Assignment:
Retype the records in full, keeping each character as it is.

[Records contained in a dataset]
===============

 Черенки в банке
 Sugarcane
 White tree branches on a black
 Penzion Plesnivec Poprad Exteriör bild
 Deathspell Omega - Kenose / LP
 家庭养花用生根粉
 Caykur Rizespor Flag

===============

Answer to this task:
 Черенки в банке
 Sugarcane
 White tree branches on a black
 Penzion Plesnivec Poprad Exteriör bild
 Deathspell Omega - Kenose / LP
 家庭养花用生根粉
 Caykur Rizespor Flag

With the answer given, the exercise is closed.